Captioned web images:
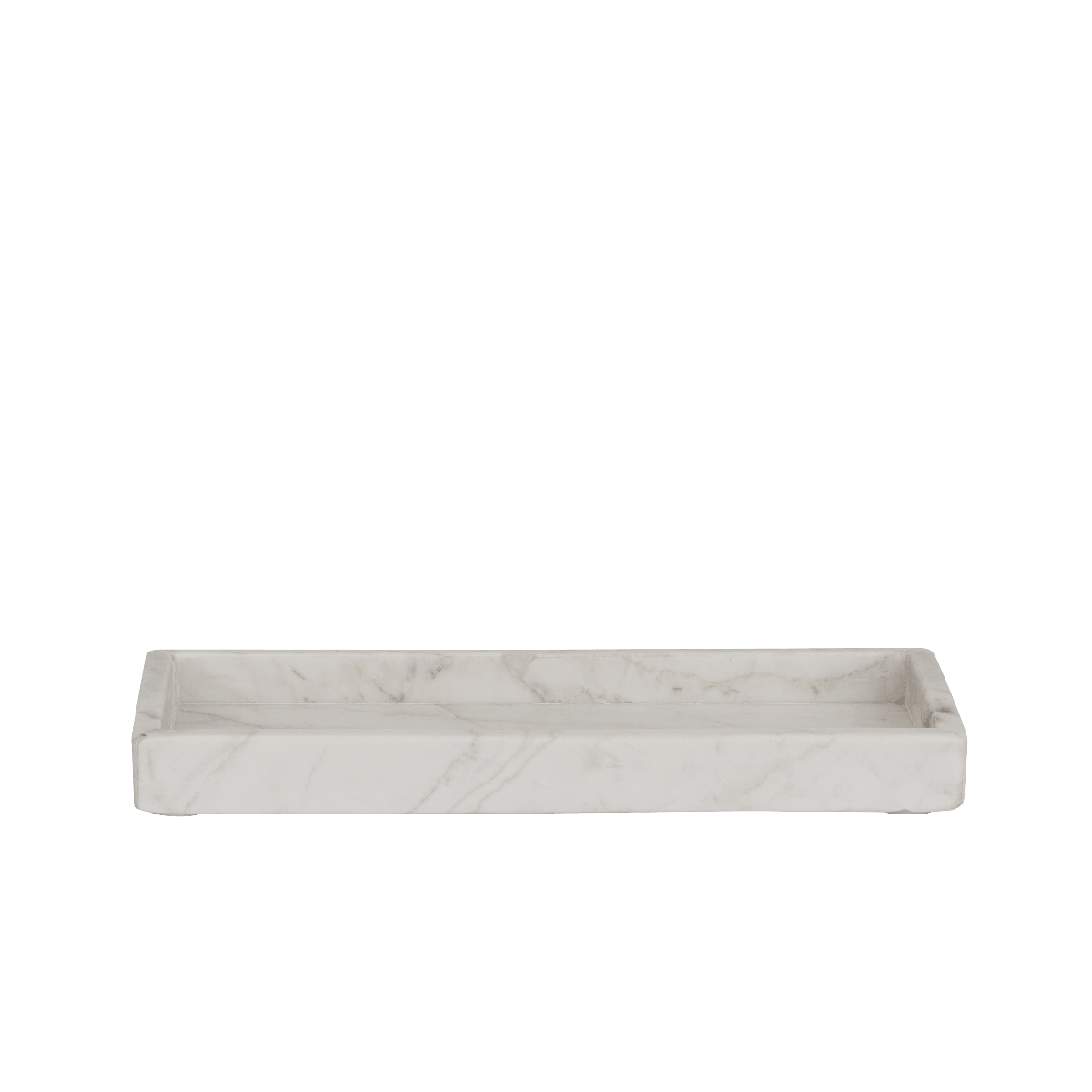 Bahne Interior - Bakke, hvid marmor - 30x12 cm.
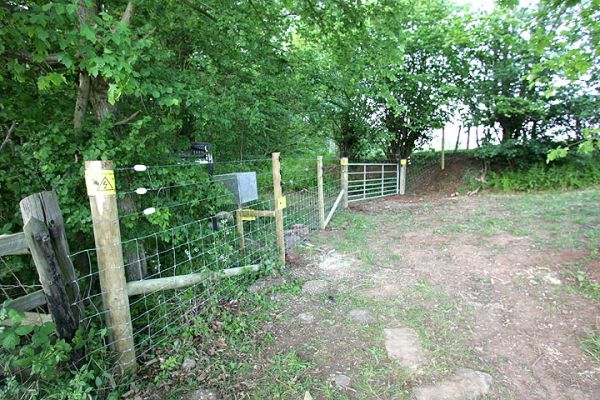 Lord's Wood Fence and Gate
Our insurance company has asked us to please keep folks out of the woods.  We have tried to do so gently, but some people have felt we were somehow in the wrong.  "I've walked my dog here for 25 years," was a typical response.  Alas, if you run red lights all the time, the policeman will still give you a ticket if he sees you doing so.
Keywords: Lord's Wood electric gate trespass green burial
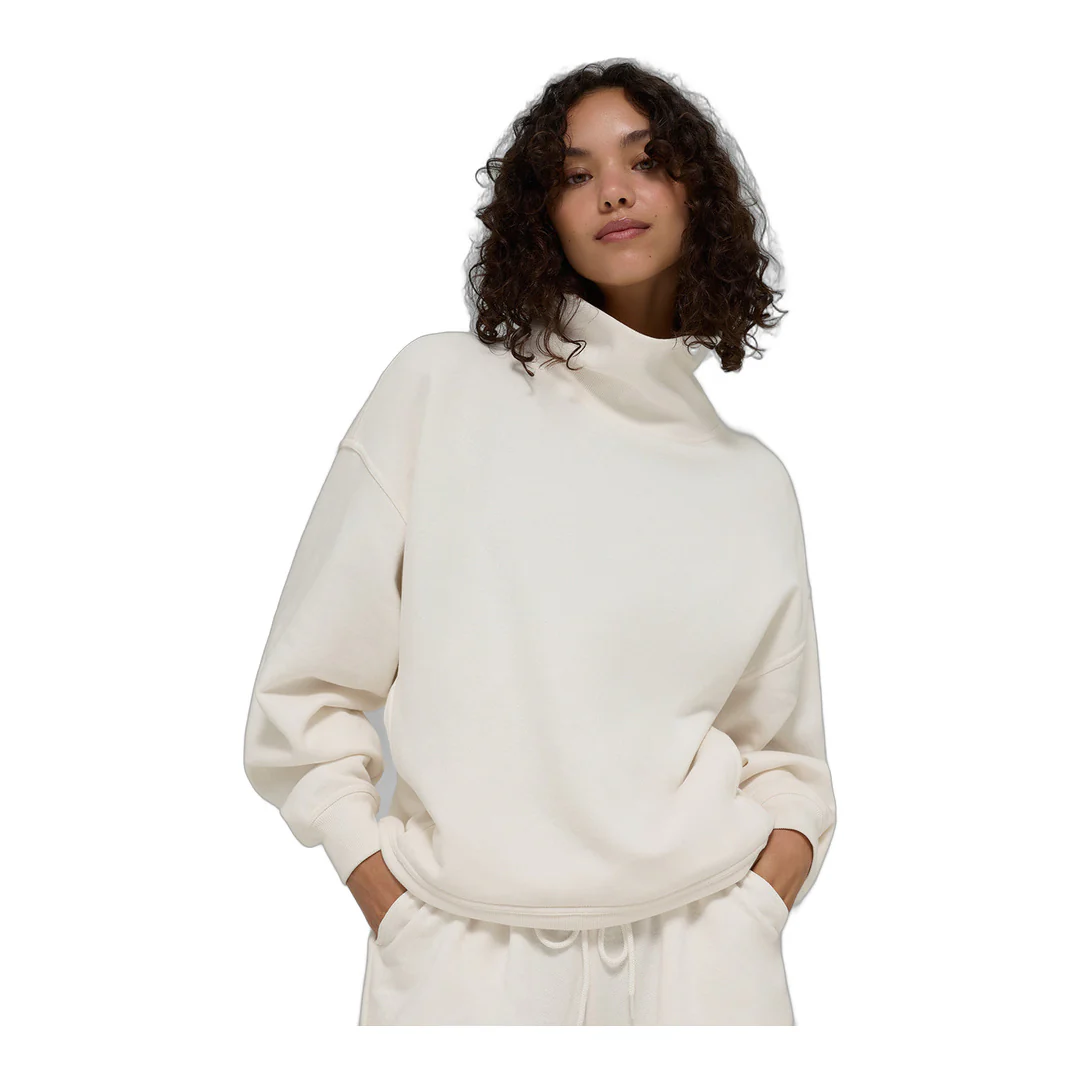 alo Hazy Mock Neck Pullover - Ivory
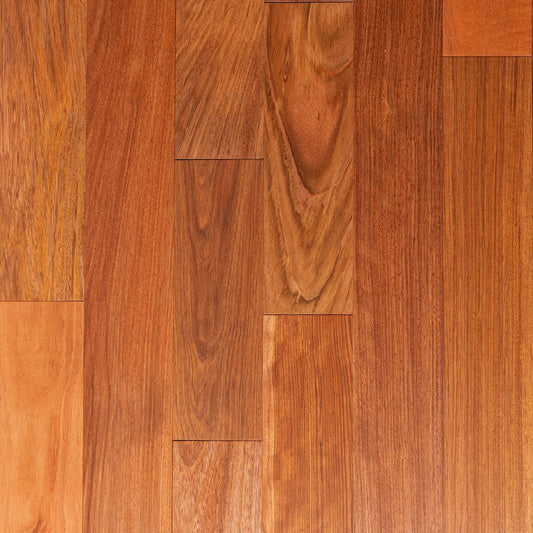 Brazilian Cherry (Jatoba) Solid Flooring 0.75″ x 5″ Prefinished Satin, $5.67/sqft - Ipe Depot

■ **Task statement**:
Make an exact copy of the records above, with the pictures left out.

■ **Task response**:
 Bahne Interior - Bakke, hvid marmor - 30x12 cm.
 Lord's Wood Fence and Gate
Our insurance company has asked us to please keep folks out of the woods.  We have tried to do so gently, but some people have felt we were somehow in the wrong.  "I've walked my dog here for 25 years," was a typical response.  Alas, if you run red lights all the time, the policeman will still give you a ticket if he sees you doing so.
Keywords: Lord's Wood electric gate trespass green burial
 alo Hazy Mock Neck Pullover - Ivory
 Brazilian Cherry (Jatoba) Solid Flooring 0.75″ x 5″ Prefinished Satin, $5.67/sqft - Ipe Depot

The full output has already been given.